_What to produce:_
Look through the data below and output, unchanged, every line from the one holding "Audi SQ7 Quattro" through the one holding "Női ing Niama", inclusive. Skip the pictures.

_Provided material:_

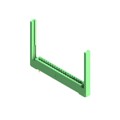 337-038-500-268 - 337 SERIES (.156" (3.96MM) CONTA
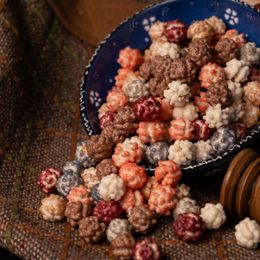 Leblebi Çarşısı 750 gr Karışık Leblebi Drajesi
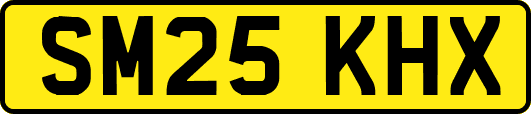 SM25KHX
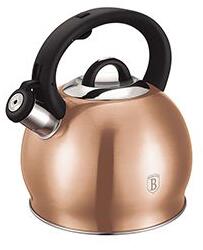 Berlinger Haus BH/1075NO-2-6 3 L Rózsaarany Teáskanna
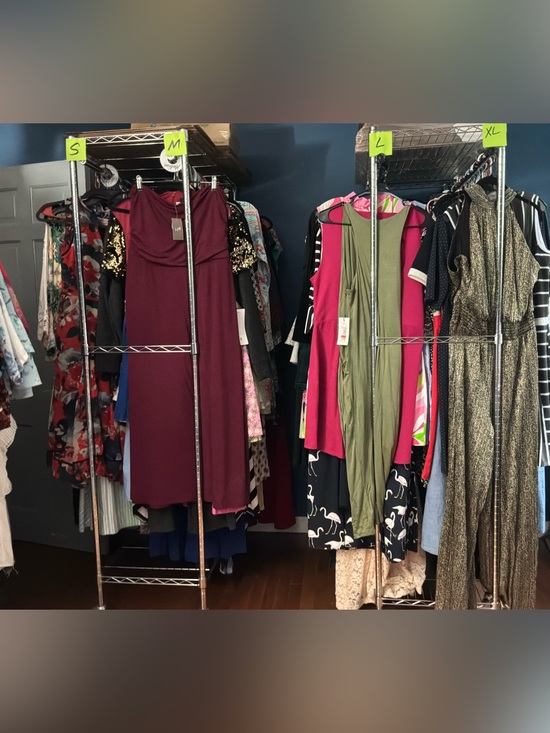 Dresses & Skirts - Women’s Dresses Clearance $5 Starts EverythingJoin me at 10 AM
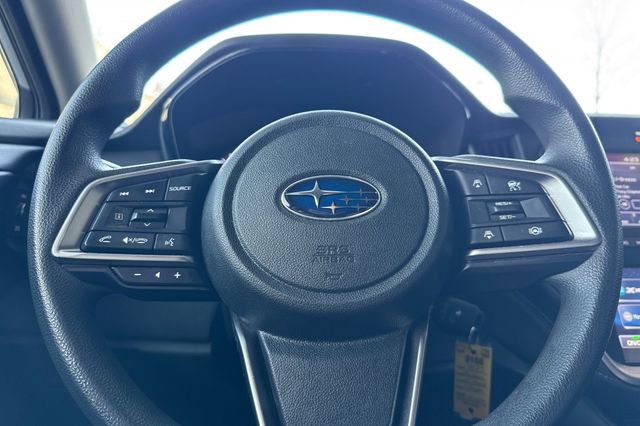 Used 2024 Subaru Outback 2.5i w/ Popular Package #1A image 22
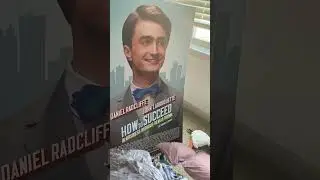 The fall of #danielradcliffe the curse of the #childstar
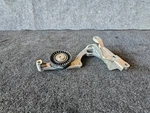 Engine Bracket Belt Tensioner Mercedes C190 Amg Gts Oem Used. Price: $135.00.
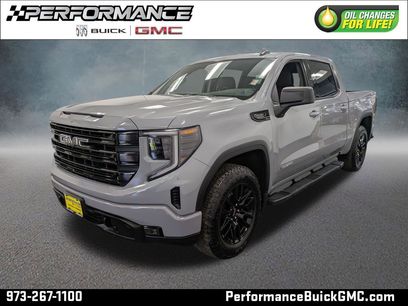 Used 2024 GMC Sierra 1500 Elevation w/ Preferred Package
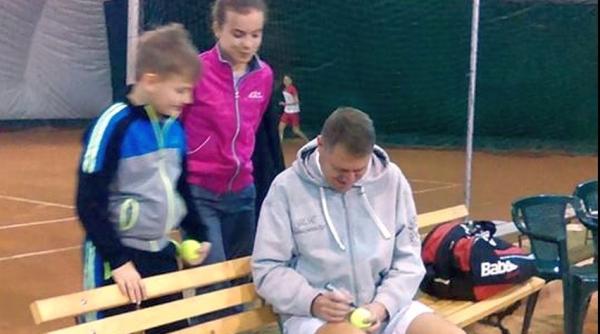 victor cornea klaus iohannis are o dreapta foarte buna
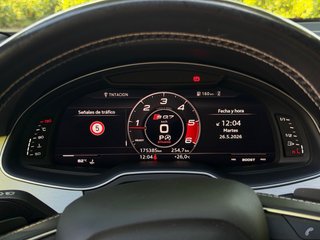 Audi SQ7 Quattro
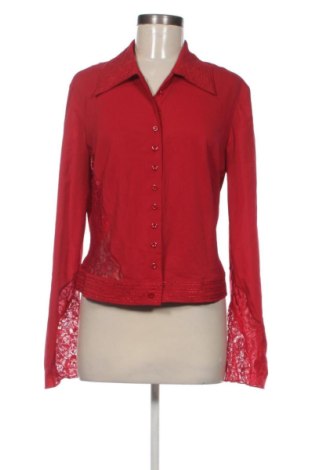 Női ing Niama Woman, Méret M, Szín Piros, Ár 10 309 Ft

...

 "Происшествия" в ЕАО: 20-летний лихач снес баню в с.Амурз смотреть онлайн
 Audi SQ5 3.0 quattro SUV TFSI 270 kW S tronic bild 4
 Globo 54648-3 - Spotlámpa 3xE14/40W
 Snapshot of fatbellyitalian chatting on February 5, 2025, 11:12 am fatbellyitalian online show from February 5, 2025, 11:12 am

_Response for this exercise:_
 Audi SQ7 Quattro
 Női ing Niama Woman, Méret M, Szín Piros, Ár 10 309 Ft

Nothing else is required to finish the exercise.